The opinion of the court was delivered by: Ambrose, Chief District Judge.


Defendant Metropolitan Life Insurance Company ("MetLife" or "Defendant") has filed a Motion in Limine (Docket No. 50) seeking to exclude at trial evidence regarding the Pennsylvania Report of Market Conduct Examination of MetLife ("Pennsylvania Report"), the Florida Report of Investigation into Sales Practices of MetLife ("Florida Report"), and the Connecticut Market Conduct Report ("Connecticut Report"). Defendant's Motion is granted in part and denied in part as follows.


MetLife's sales practices during the early 1990s were the focus of an investigation by the Pennsylvania Insurance Department, which issued a Market Conduct Examination Report on February 11, 1994. (Docket No. 50, Ex. A). The report defined the scope of the investigation as follows:

A targeted market conduct examination has been performed on Metropolitan Life Insurance Company, hereinafter referred to as "MetLife", at their Johnstown, Pennsylvania office and through interviews conducted with various consumers, insurance agents and MetLife employees located principally within a six (6) county Western Pennsylvania Region, and a Report thereon is submitted as follows:

The examination covered the period January 1, 1990 through December 31, 1992, unless otherwise noted. The purpose of the examination was to review MetLife's management, marketing and sales practices and procedures in Western Pennsylvania. Western Pennsylvania was defined as the counties of Armstrong, Allegheny, Beaver, Butler, Westmoreland, and Washington. However, some areas of review were expanded beyond Western Pennsylvania when initial findings indicated the activities appeared to occur throughout Pennsylvania.

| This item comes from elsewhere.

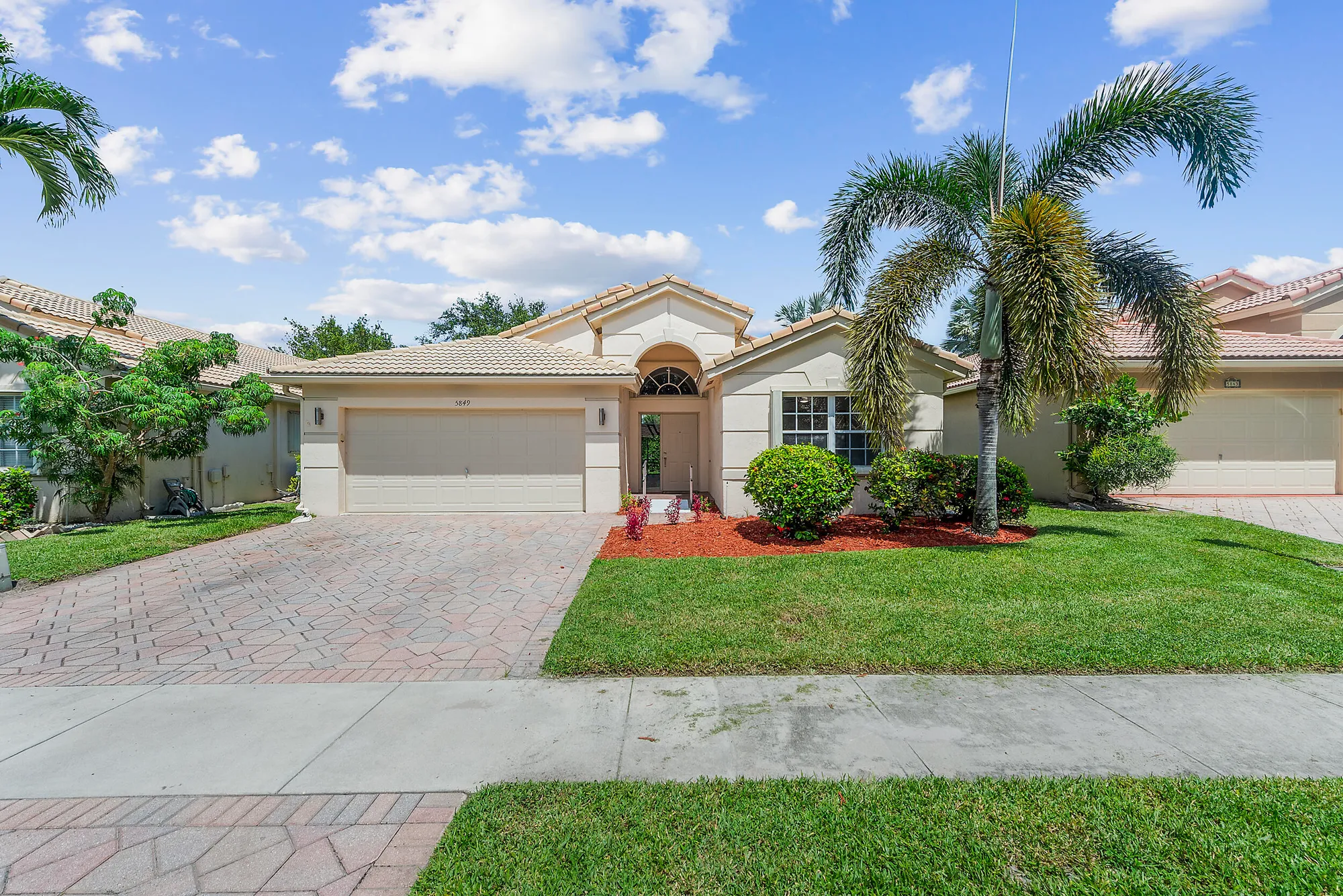 Property Slideshow image 2 of 43 | 5849 royal isles blvd, Boynton Beach, FL, 33437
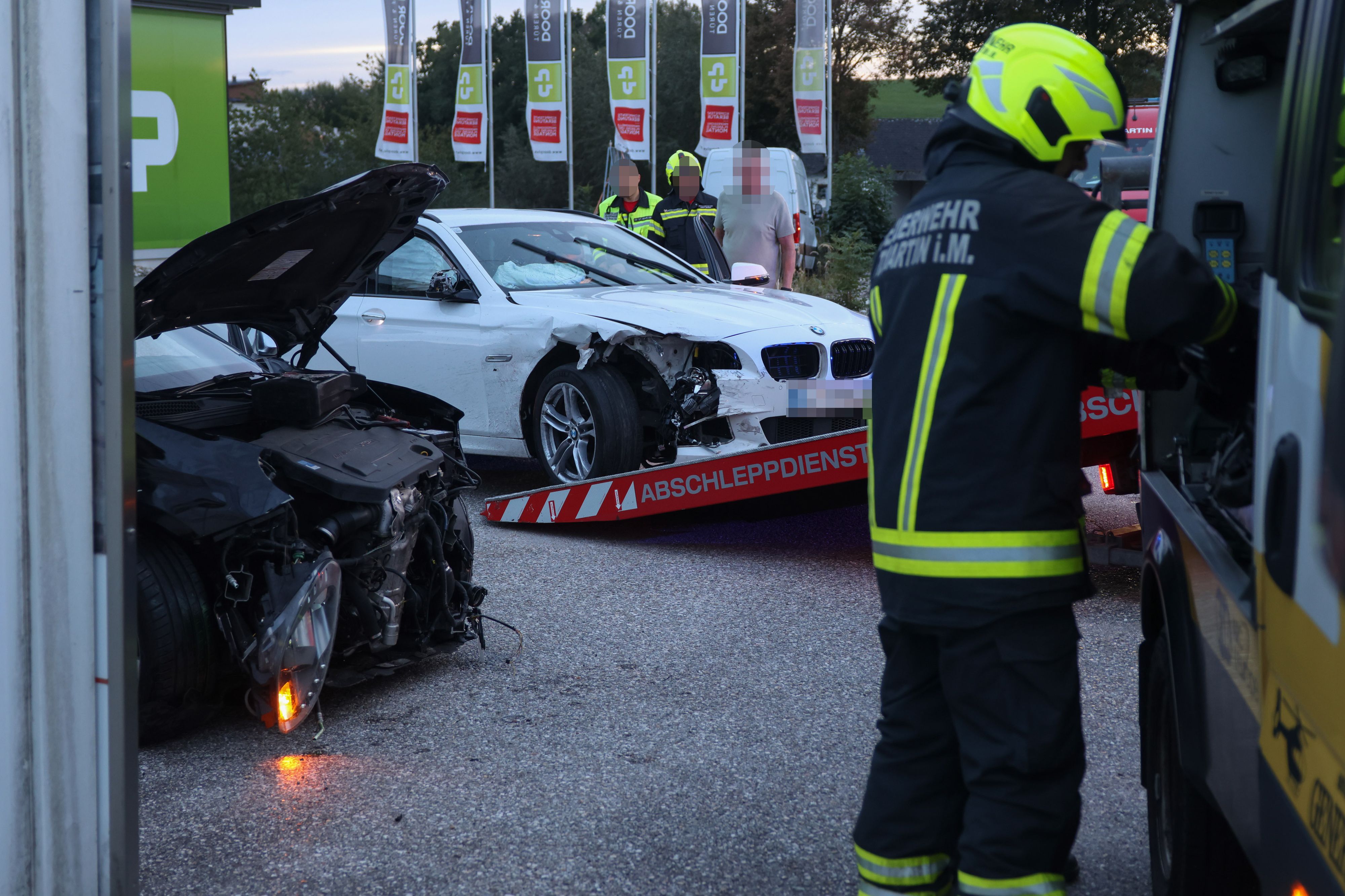 Zwei Verletzte, zwei schwer beschädigte Autos: Auf der B127 kam es am Montagabend zu einem Frontalcrash.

In order to obtain a thorough perspective on MetLife's marketing practices, the examination was conducted in three (3) phases:

(1) MetLife's Johnstown, Pennsylvania office was visited by examiners to review copies of requested applications and consumer complaint files, as well as securing additional data relative to the examination.

(2) Interviews were conducted with various consumers, agents and MetLife employees in Western Pennsylvania concerning MetLife marketing practices and procedures.

(3) Interviews were conducted with principal MetLife corporate officials having management or supervisory responsibilities for the insurer's marketing and sales operations.

Pennsylvania Report at 4-5.

The investigation stemmed from complaints made in March 1993 that MetLife customers had been induced through misrepresentations to replace existing MetLife policies, thereby incurring additional costs and fees. Id. at 8. There also were customer allegations of deceptive marketing of insurance policies as retirement and savings plans. Id. The report details numerous interviews, and includes copies of the marketing materials utilized in several individual cases.

Defendant asserts that this report is "classic hearsay" which should not be admitted at trial. Plaintiff responds that the report may be admitted as an "official record" under Federal Rule of Evidence 803(8)(C). Rule 803(8)(C) provides an exception to the hearsay rule for "[r]ecords, reports, statements, or data compilations, in any form, of public offices or agencies, setting forth . . . factual findings resulting from an investigation made pursuant to authority granted by law, unless the sources of information or other circumstances indicate lack of trustworthiness." Fed. R. Evid. 803(8); see also, e.g., Goodman v. Pa. Turnpike Comm'n, 293 F.3d 655, 669 n.10 (report of Legislative Budget and Finance Committee not inadmissible hearsay).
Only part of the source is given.